Barbara Palmer, via the Internet, writes:
I am interested in your theology of love when speaking about God loving creation, humans loving God, and even loving the neighbor. Understanding that love transcends human emotion, how does love manifest in these areas? If God, as you say, is not a being, how does God love the world, the universe? If God is not an entity, what does it mean to love God? Doesn't one need an object to express love? And if one doesn't know or is interested in the neighbor, whoever that might be, how does one love the neighbor? We religious people throw words around so carelessly, therefore I would appreciate your being as specific as possible.
Dear Barbara,
I am not sure that the problem is that people throw around words so carelessly, but that the only words we humans have to use are human words, bound by time, space and human experience. Whatever God is, God is surely beyond the boundaries of human life. So the more specific we are about God, the less accurate we probably are. Let me repeat my favorite analogy. Horses cannot escape the boundaries of what it means to be a horse, nor can a horse view life from any other lens or perspective save that of a horse. Therefore a horse could never describe what it means to be human. In a similar manner, a human being cannot escape the boundaries or perspective of what it means to be human and therefore can never define or describe what it means to be God. I wonder why it is that we not only continue to try to do the impossible, but even continue to persecute those who disagree with our definition or description.

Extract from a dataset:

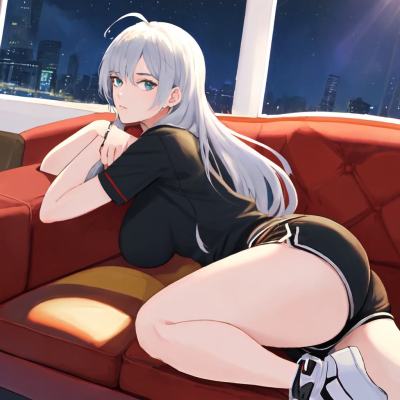 Chat with Emily, the Anime character AI chatbot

So what are our realistic possibilities? We can describe just how it is that we experience God. We can always describe a human experience since that is within the realm of our competence. We do need to face the fact, in the name of honesty and to escape the most destructive elements of religion, that some human experiences are delusional.
By the word God I mean that which calls me beyond the limits of humanity, that which empowers me to live to love and to be. When someone asked the author of the First Epistle of John to define God, he did so by saying that "God is love." I think that what he meant by that was that it is the unanimous human experience that love expands life. Love is not something any human being can create. We must receive love before we can give it. We cannot hoard love once we have received it. Love that is not shared always dies. So love is a power that appears to relate us to something beyond ourselves. Love is thus a power that enables us to journey beyond the boundaries of the human and to embrace that which is transcendent. Love always manifests itself in enhanced life. Perhaps we should stop talking about God loving us or our loving God, since that kind of language turns God into a being. The proper language would be to relate the experience of love to the experience of God. We would then recognize that the word "God" is a human construction that seeks to define the experience of transcendence, which calls us more deeply into what it means to be human.
If one has identified God with the love that enhances life then the way we love our neighbor, both known and unknown, is to act toward them in such a way as to enhance their humanity. Once we break this language barrier and begin to think through the dimensions of speaking not about God, but about our experience of God, then I believe we could reconstruct the Jesus story on this basis and be within the context of Jesus' purpose as St. John defines it, "That they may have life and have it abundantly."
Thank you for your question and for forcing me to put new words into this equation.